Task: Take the line with "this 700×500 image." as the first line and the last line of the data as the final one. Write out those lines exactly, and no others.

[Phrase grounding data]
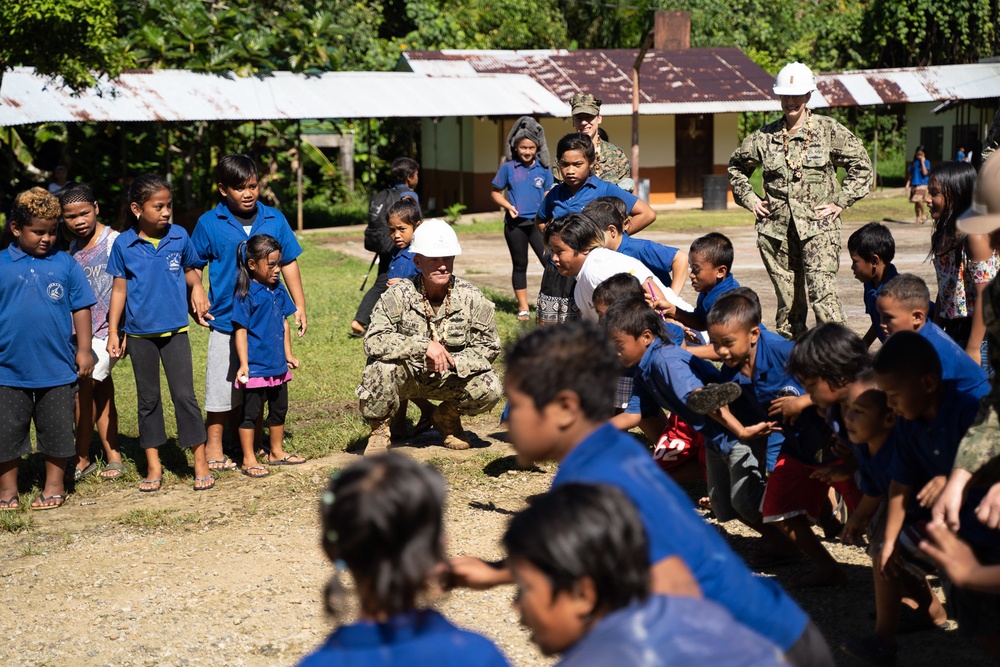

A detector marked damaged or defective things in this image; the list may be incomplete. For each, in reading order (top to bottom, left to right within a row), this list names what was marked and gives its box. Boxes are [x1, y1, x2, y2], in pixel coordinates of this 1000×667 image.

rusty metal roof [0, 67, 568, 126]
rusty metal roof [400, 49, 780, 115]
rusty metal roof [812, 63, 1000, 108]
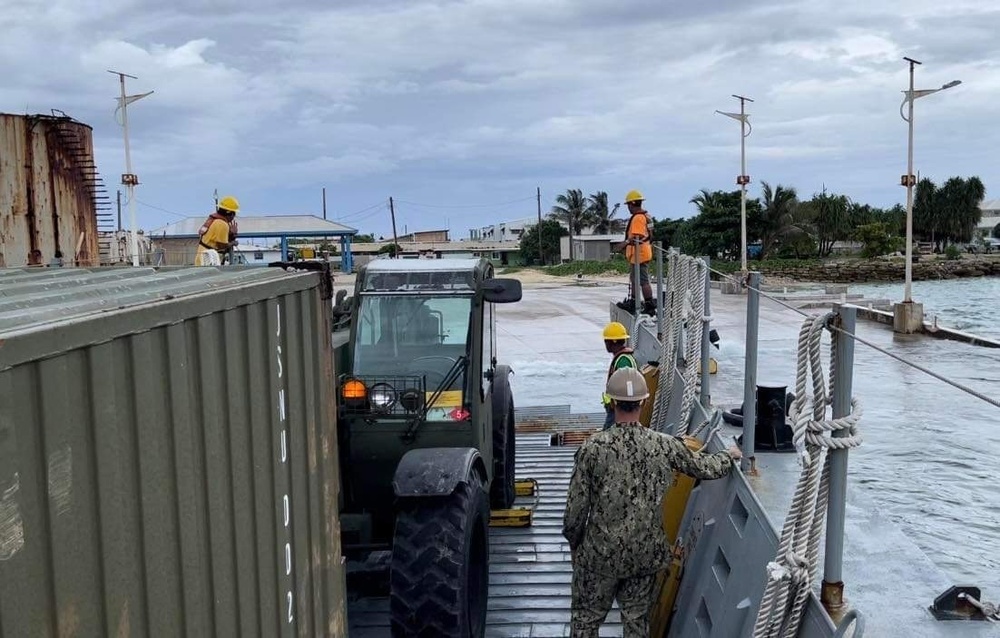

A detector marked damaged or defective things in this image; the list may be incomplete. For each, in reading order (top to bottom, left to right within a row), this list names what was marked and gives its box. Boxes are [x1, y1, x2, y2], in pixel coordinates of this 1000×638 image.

rusted tank [0, 112, 113, 268]
rusty metal structure [0, 112, 114, 268]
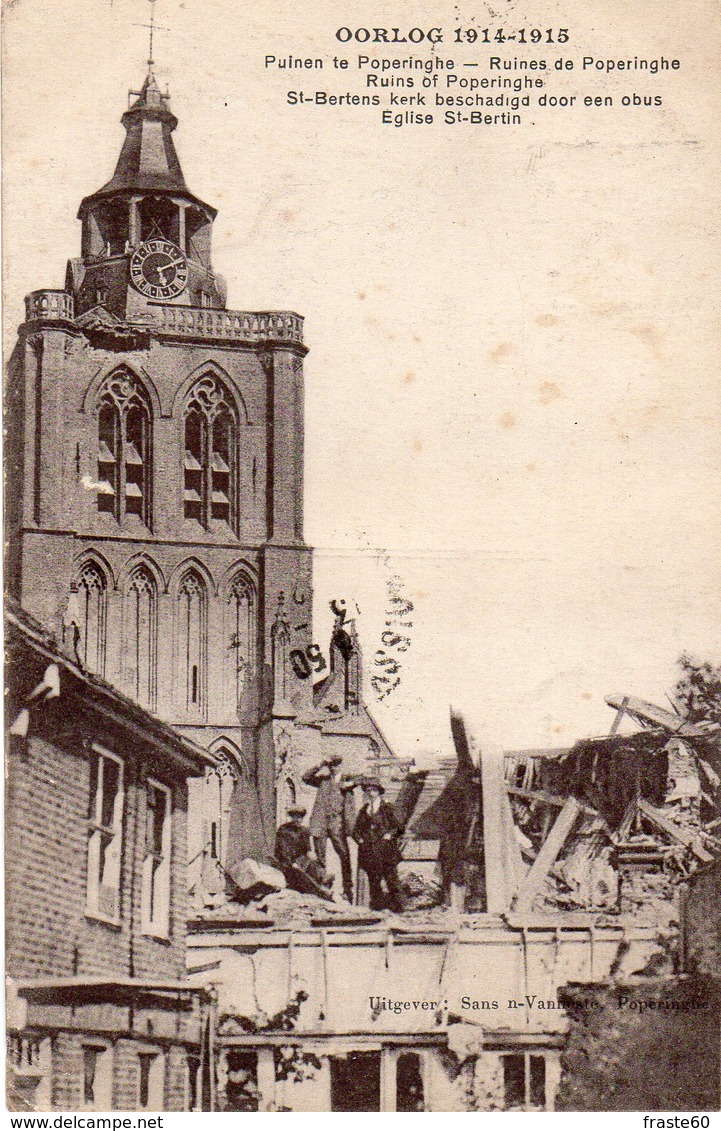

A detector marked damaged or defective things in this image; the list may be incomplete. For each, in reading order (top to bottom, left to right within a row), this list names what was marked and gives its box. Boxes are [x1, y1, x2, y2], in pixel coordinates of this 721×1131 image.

damaged church tower [3, 61, 312, 868]
broken timber [512, 792, 580, 908]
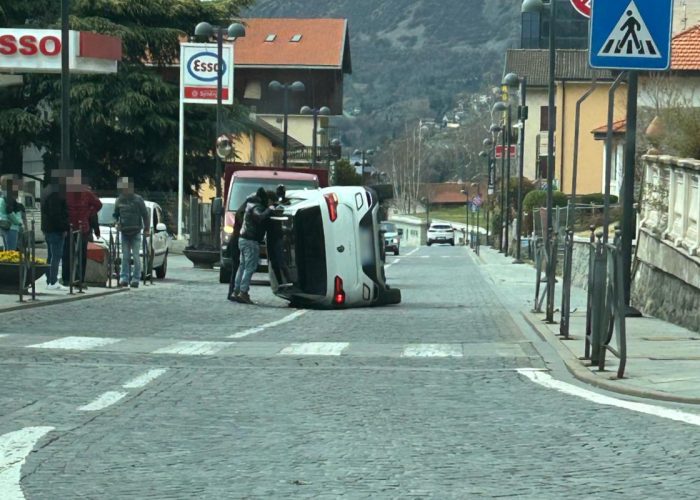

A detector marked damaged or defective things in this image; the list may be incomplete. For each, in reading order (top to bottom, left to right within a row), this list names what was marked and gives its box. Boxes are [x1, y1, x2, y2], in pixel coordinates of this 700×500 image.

overturned white car [266, 186, 400, 306]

Response area:
A detector marked damaged or defective things in this image; the list may be incomplete. For each, in reading order (top to bottom, left to right within a row), this list names what was marked and gives its box. Boxes are [x1, y1, x2, y2], in pixel coordinates of this 700×500 image.

overturned white car [266, 186, 400, 306]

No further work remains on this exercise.